Equities are mostly trading lower across the Far East amid concerns that China may tighten restrictions following reports of a number of Covid-related deaths across the country. The extent to which global economic activity will slow in response to tighter monetary policy also remains a concern for markets. On Friday, Boston Fed’s Collins reiterated her view that all options for the size of the next interest rate increase in December remain open, including the possibility of another 75bp rise. Over the weekend, however, Atlanta Fed President Bostic said that he favoured slowing the pace of interest rate increases.
It is a holiday-shortened week in the US, with the Thanksgiving holiday on Thursday and an early close for US markets on (Black) Friday which also marks the start of the Christmas shopping season. However, a number of US data releases are crammed into the first part of the week, including the flash PMIs, durable goods orders and new home sales reports and the final reading of the University of Michigan consumer sentiment survey, as markets continue to gauge how much further US policy rates will rise.

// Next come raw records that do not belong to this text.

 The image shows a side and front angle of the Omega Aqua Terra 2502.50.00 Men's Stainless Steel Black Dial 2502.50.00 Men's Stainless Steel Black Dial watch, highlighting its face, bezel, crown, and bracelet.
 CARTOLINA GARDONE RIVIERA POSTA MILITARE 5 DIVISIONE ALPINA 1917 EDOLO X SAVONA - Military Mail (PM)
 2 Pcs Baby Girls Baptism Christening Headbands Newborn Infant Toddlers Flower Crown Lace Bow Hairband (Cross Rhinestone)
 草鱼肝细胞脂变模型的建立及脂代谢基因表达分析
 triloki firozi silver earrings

After 75bp increases at each of the last four meetings, which brought the Fed funds rate to a 3.75-4.00% range, financial markets expect a smaller increase at the next meeting on 14th December. Recent signs of softer inflation are likely to be welcomed by rate-setters but are not sufficient to prevent further policy tightening. Later today, US Fed rate-setter Mary Daly is due to speak on ‘price stability’ at an event hosted by the Orange County Business Council. In recent comments, Ms Daly ruled out the Fed pausing hiking and suggested that US policy rates could end up in a 4.75 – 5.25% range.

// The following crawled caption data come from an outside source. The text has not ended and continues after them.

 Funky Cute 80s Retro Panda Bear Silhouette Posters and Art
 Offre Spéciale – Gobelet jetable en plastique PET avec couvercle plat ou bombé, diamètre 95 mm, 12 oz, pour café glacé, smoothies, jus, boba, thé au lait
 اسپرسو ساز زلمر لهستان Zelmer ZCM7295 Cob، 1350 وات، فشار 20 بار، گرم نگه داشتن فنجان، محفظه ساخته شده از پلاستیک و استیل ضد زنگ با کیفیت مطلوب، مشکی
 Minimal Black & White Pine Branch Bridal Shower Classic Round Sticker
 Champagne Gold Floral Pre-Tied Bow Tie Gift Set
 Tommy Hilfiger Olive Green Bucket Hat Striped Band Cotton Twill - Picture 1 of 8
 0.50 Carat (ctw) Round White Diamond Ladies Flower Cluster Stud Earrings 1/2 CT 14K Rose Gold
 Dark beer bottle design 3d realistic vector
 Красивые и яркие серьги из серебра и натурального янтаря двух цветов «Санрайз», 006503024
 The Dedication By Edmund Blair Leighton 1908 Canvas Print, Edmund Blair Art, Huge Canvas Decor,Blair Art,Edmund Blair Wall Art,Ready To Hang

Questions over how far the ECB will raise interest rates also continue to rage, with markets pondering whether it will raise rates again by 75bp at its next policy meeting in December or decides on a smaller half-point increase. One reason for a smaller hike is that the economic downturn appears to be gaining momentum. At the same time, the latest inflation at 10.6% for October is uncomfortably high for policymakers, so another 75bp hike remains a possibility along with plans to reduce the balance sheet. A number of ECB officials are scheduled to speak today, notably Vasle, Holzmann, Simkus and Centeno, and markets will be watching for clues about the next policy move.
There is a lack of key economic data releases today, including in the UK, where the focus is limited to a speech by Bank of England policymaker Cunliffe at the University of Warwick. However, with the focus of the event on DEFi digital currencies, his comments may provide little to no insight into his views on the UK monetary policy outlook.
The risk-off tone has provided support to the US dollar at the start of the week with the Bloomberg dollar index trading 0.5% higher. GBP/USD is modestly lower as a result but continues to trade above 1.18. US bond yields meanwhile are marginally weaker with 10-yr yields below 3.80%.